Miami captured the social dynamic well when he told me privately one day, “No, but you, John, are spoiled the most; you are like the nucleus of the atom around here, and all of us are the electrons circling you.” I just chuckled. But the metaphor was apt. The bread I cast outward created a kind of gravitational field—an economy of mutual provision and protection that operated entirely outside the prison’s official structures. The rancheros brought me fruit because I had shared my pizza. The machucados kept watch over my safety because I had fed them. The sycophants tolerated my eccentricities because I taught them things. None of this was calculated. It simply happened, over time, as generosity compounded upon generosity in the closed system of the módulo.

Saturdays had become a favorite day for Rubén, Miami, and Ismael—among others—because I would invariably share a few slices of pizza with them. Even a small chunk was a luxury, scarce in prison and obtainable only via encomienda or by paying a paco. People appreciated that it cost nearly 2,000 pesos a slice, signifying, by prison standards, a considerable contribution. Cristián, Michael, and Luchito all got bites of pizza via Miami.
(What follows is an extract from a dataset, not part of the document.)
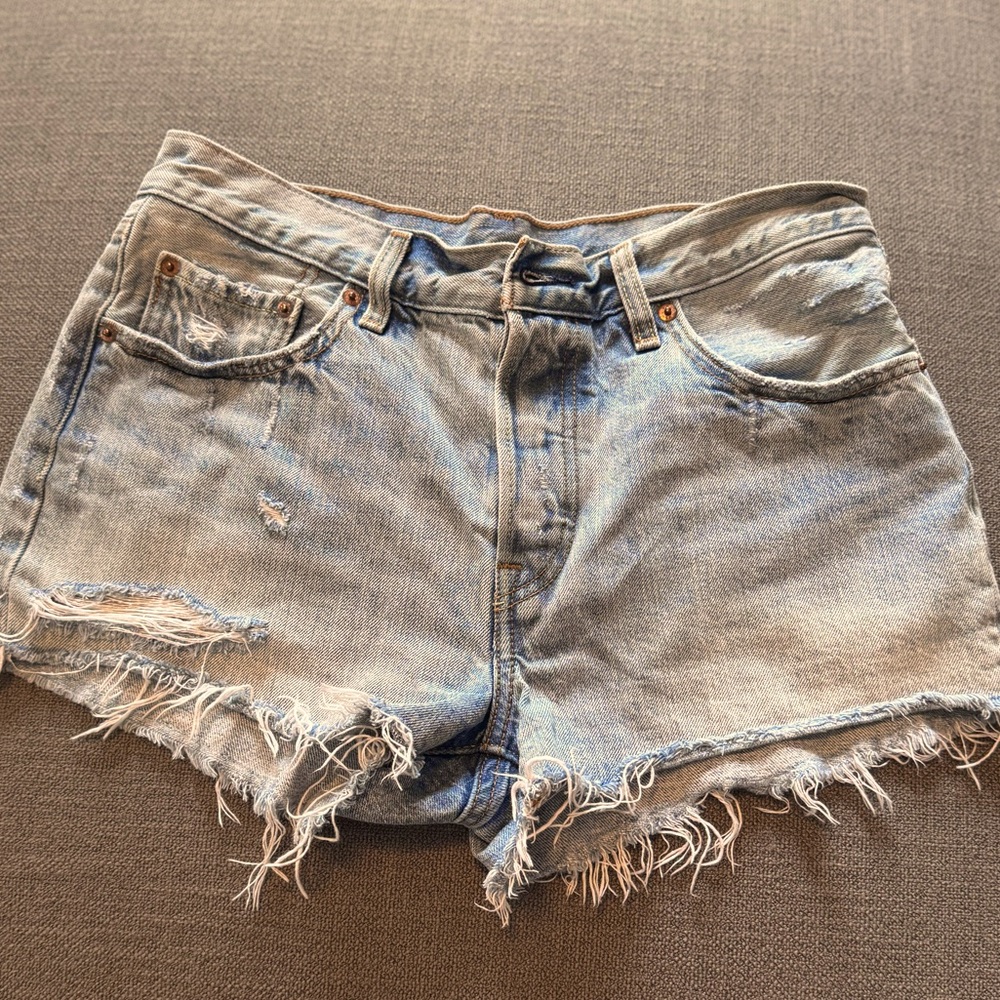 Levi’s 501 denim cutoffs. Free people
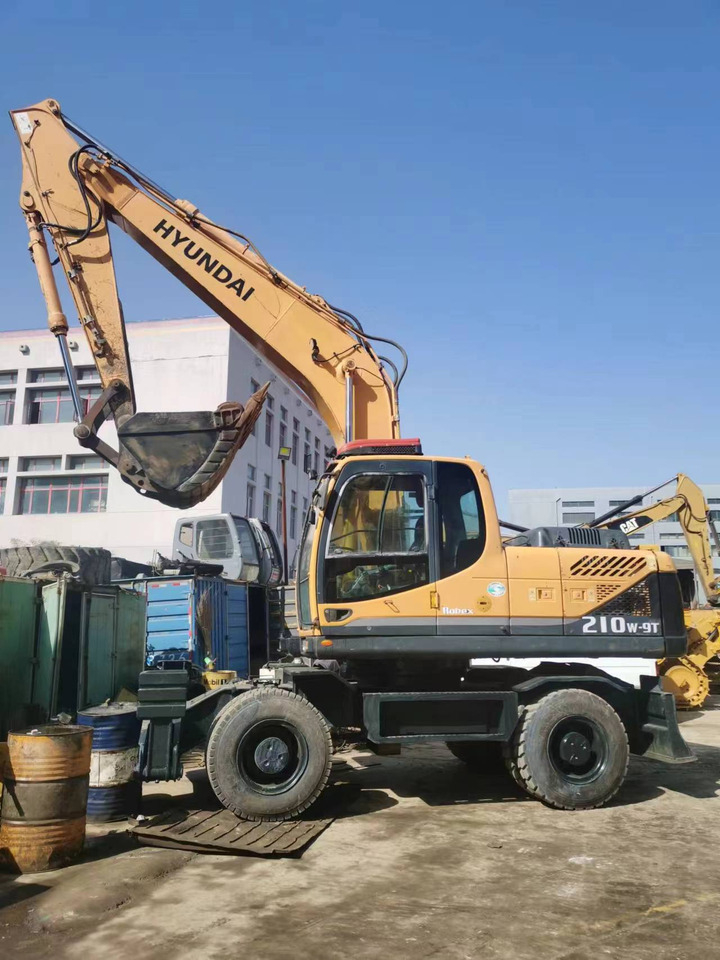 HYUNDAI 210W-9 - Ekskavator roda: gambar 1 HYUNDAI 210W-9 - Ekskavator roda: gambar 1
Ismael, when he ate something from me that he found delicious, would close his eyes, raise his chin, kiss his fingertips—propelling them slowly from his face—and say, “un manjar” (a delicacy) or “eclesiástico,” a substitute for the Italian phrase un bocatto di cardinale that he could never remember. Miami used other terms—un bufét, un gourmet—though he also employed such terminology sarcastically when describing prison-issued food.